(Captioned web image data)

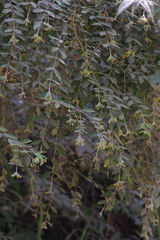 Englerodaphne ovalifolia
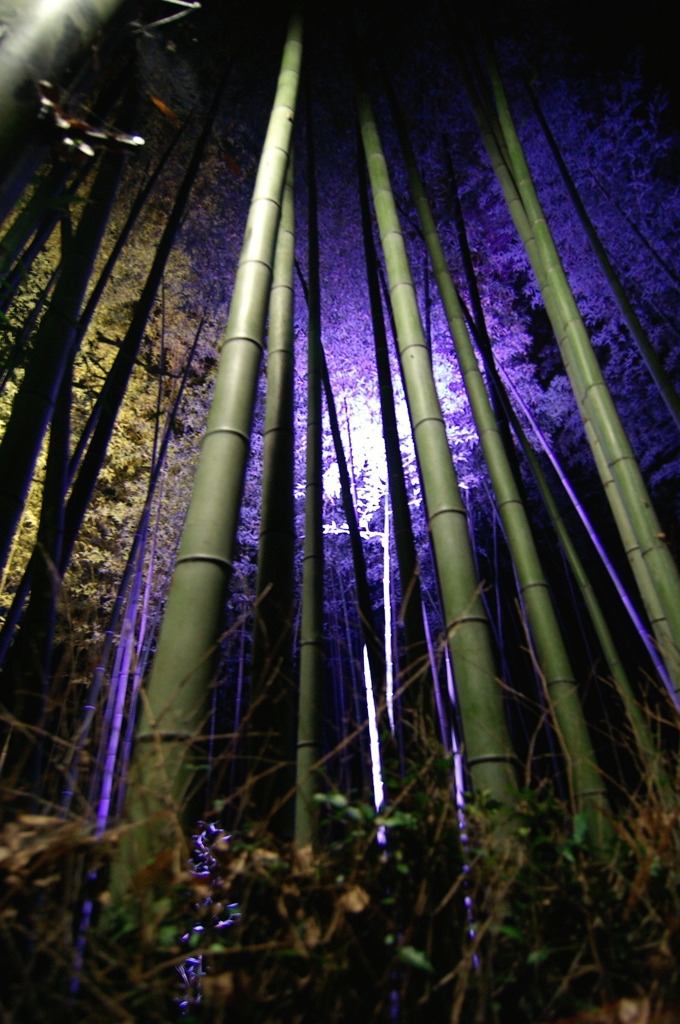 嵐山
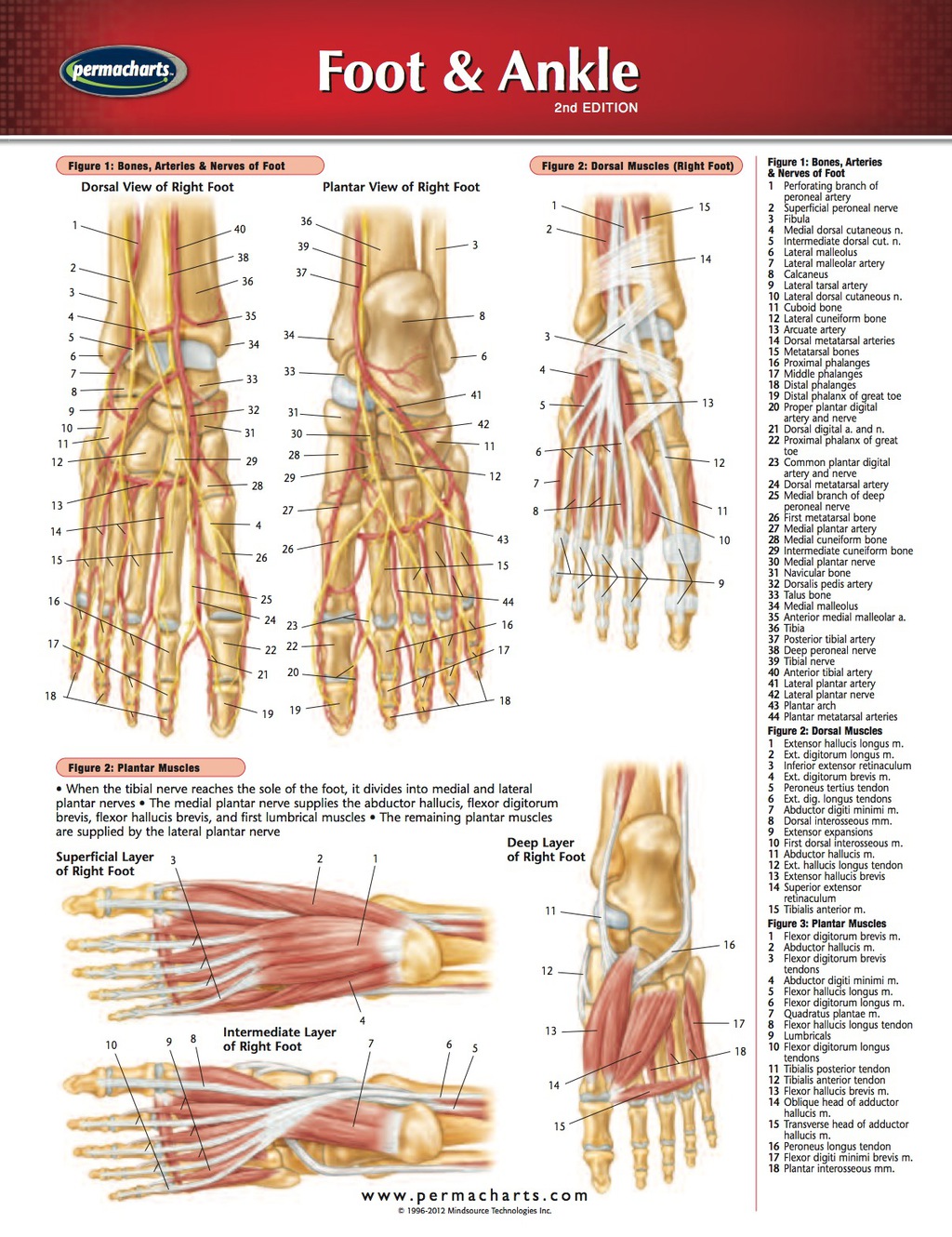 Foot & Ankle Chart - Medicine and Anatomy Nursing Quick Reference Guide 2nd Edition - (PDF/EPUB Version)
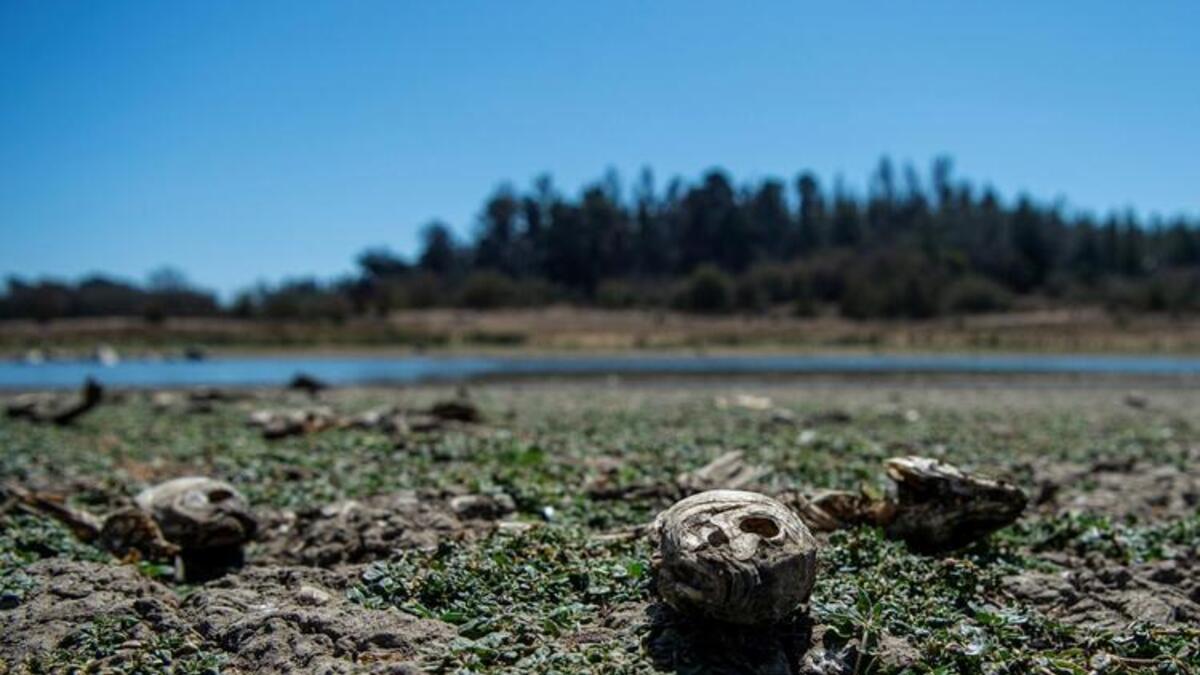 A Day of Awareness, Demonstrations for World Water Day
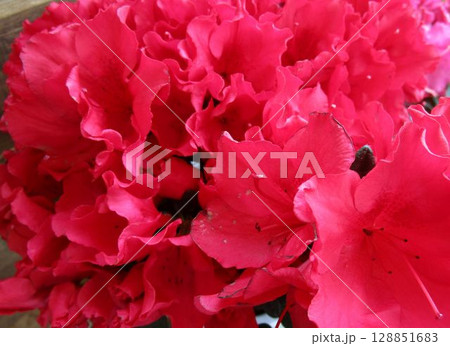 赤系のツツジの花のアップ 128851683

---

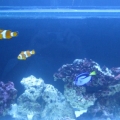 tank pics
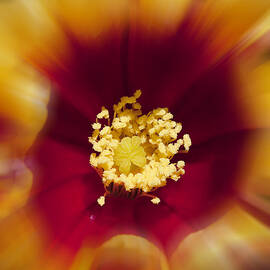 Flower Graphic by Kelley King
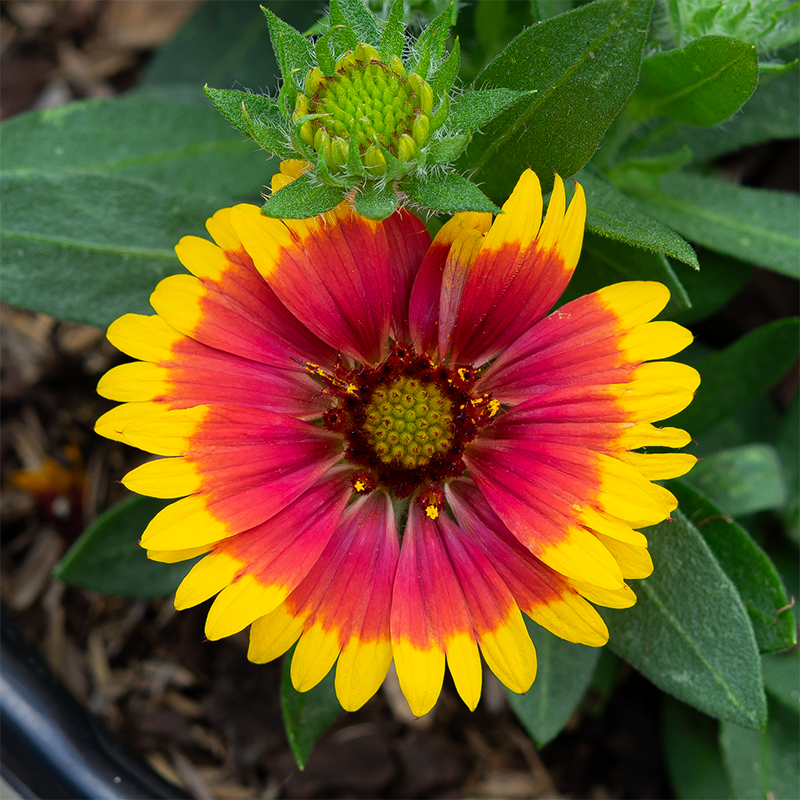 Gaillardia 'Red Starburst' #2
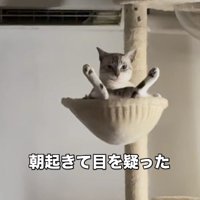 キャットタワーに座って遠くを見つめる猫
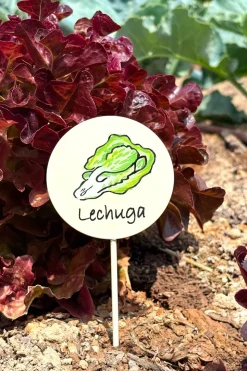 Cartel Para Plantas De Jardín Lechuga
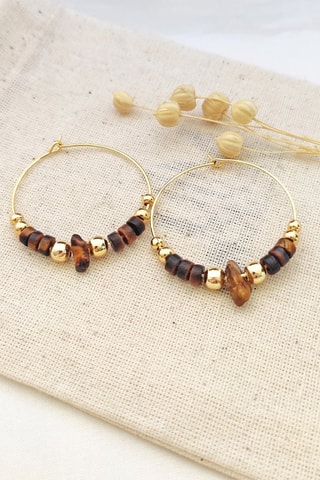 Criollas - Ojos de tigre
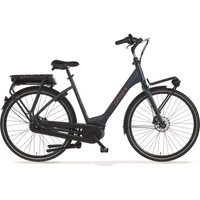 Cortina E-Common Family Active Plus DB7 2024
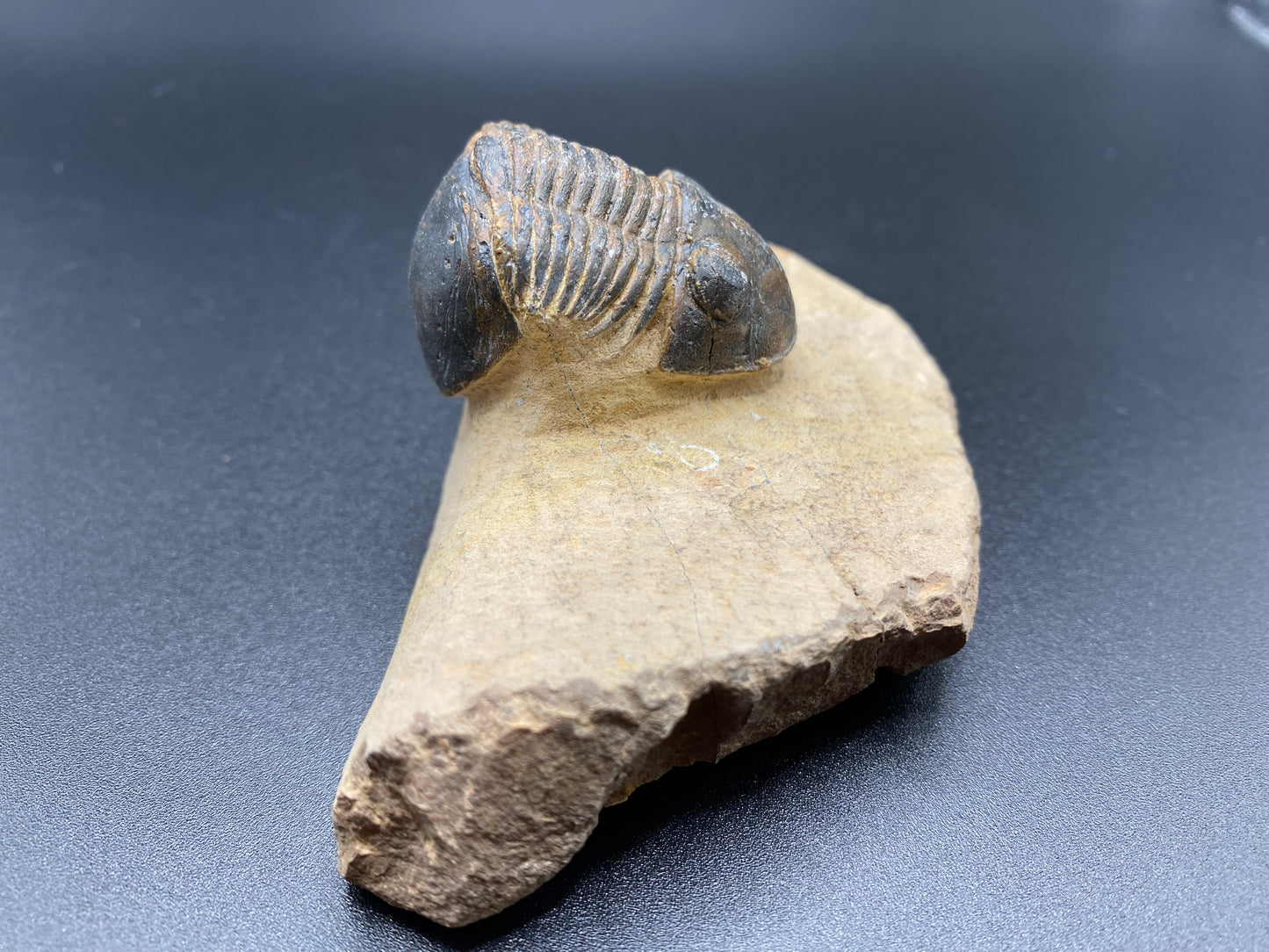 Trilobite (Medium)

...

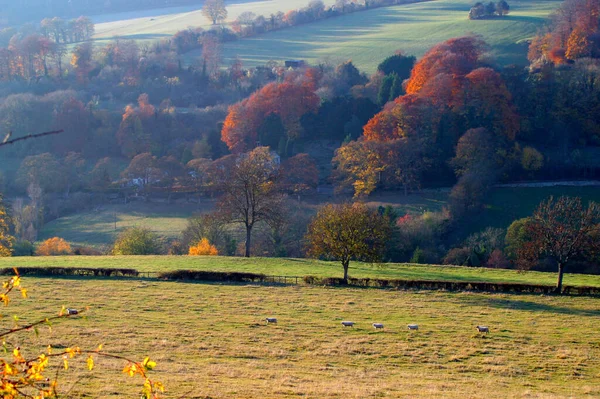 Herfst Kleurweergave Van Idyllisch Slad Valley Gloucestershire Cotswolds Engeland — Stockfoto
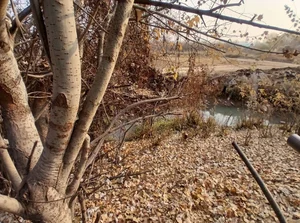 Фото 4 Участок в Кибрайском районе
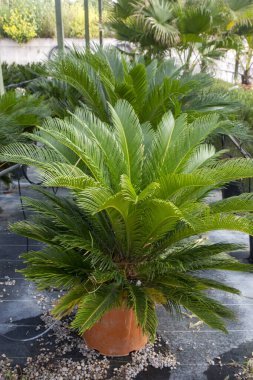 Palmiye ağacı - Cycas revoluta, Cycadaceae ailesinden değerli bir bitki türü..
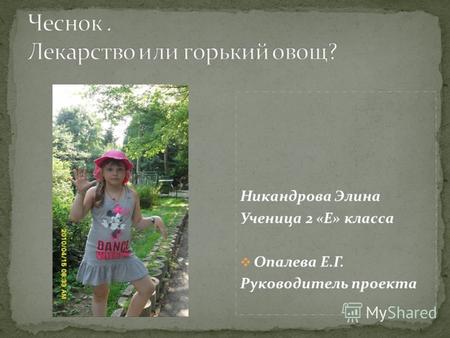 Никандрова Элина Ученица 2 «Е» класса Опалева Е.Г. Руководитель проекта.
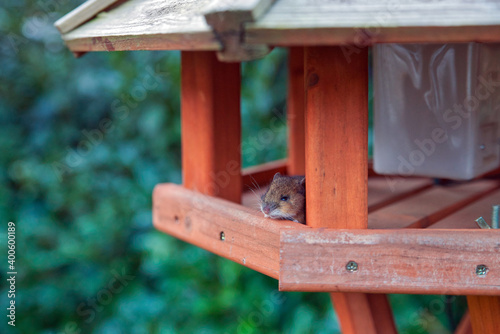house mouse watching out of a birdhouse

Requirement.
From the records above, extract the lines from the one holding "Englerodaphne ovalifolia" through the one holding "赤系のツツジの花のアップ 128851683", word for word; omit the pictures.

Solution to this exercise.
 Englerodaphne ovalifolia
 嵐山
 Foot & Ankle Chart - Medicine and Anatomy Nursing Quick Reference Guide 2nd Edition - (PDF/EPUB Version)
 A Day of Awareness, Demonstrations for World Water Day
 赤系のツツジの花のアップ 128851683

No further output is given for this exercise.